Solving for an optimal policy in an infinite-horizon and finite-state-space MDP with expected average reward

156 Views Asked by At

I've just jumped into this area, and I was told that average reward criterion could make things slightly more difficult comparing to the usual discounted reward criterion. I will really appreciate if someone could answer my following questions and hopefully point me to some extra materials in addition to Puterman's book "Markov Decision Processes: Discrete Stochastic Dynamic Programming" (which I'm struggling with.) I'll also be glad if you could correct me on any of my misunderstanding I might have.
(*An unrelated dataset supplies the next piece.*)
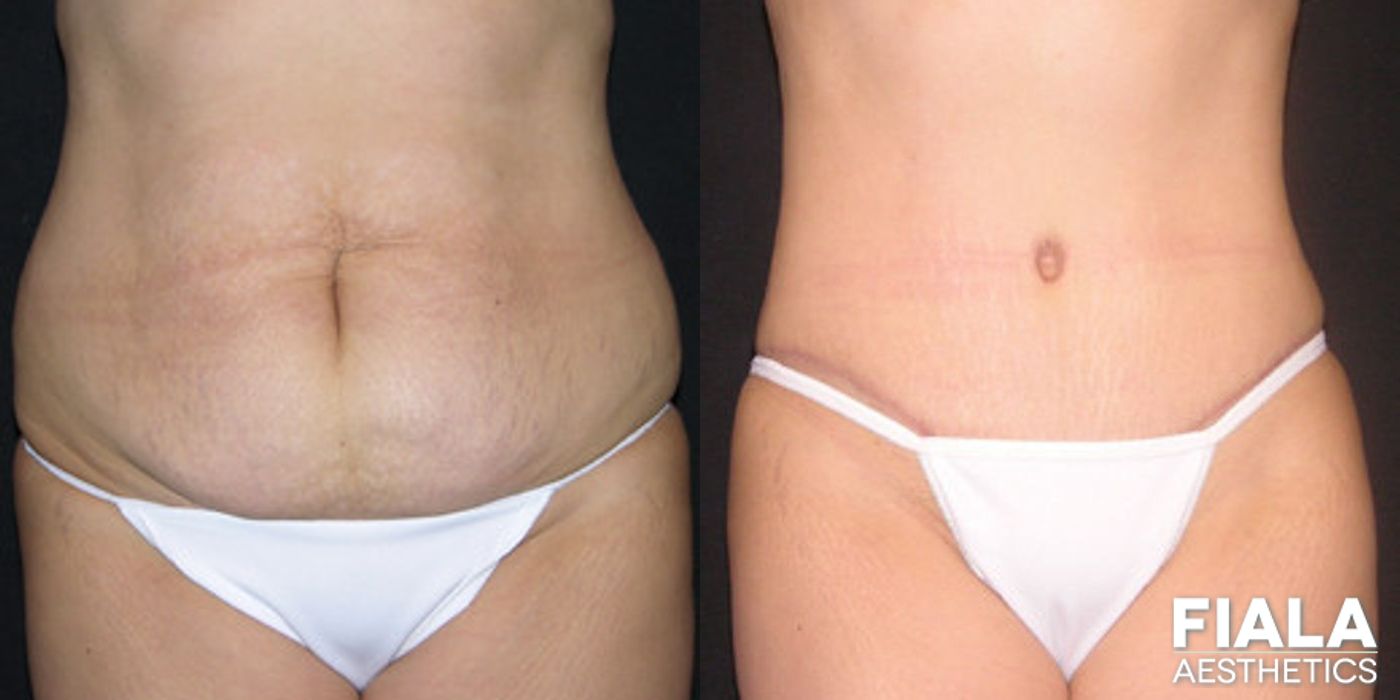 Before and after Tummy Tuck case 13831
In particular, I have an MDP with finite states space, infinite horizon, stationary transition probabilities, and stationary & bounded rewards. Given $\pi$ a policy and $r_{t,\pi}$ a reward at time $t$ upon visiting a state induced by the policy, a policy evaluation function $f$ is in the following form: $$f(\pi) = \mathbb{E} \left[ {\lim\inf}_{T\rightarrow\infty} \frac{1}{T} \sum_{t=1}^T r_{t,\pi} \right]$$ and I seek to find an optimal policy $\pi^* = {\arg\max}_{\pi\in\Pi} \ f(\pi)$ out of all possible policies in set $\Pi$.

My questions are as follows.

  1. Is my MDP recurrent if it structurally looks like this image: MDP structure? That is, every state has a non-zero probability of revisiting unless the policy instructed not to take some actions to avoid some particular states.

  2. Does the usual value iteration and policy iteration algorithm on MDPs with discounted reward criterion still works on this problem? If not, could you tell me or point me to materials for the algorithm that I needs for my problem?

Many thanks in advance!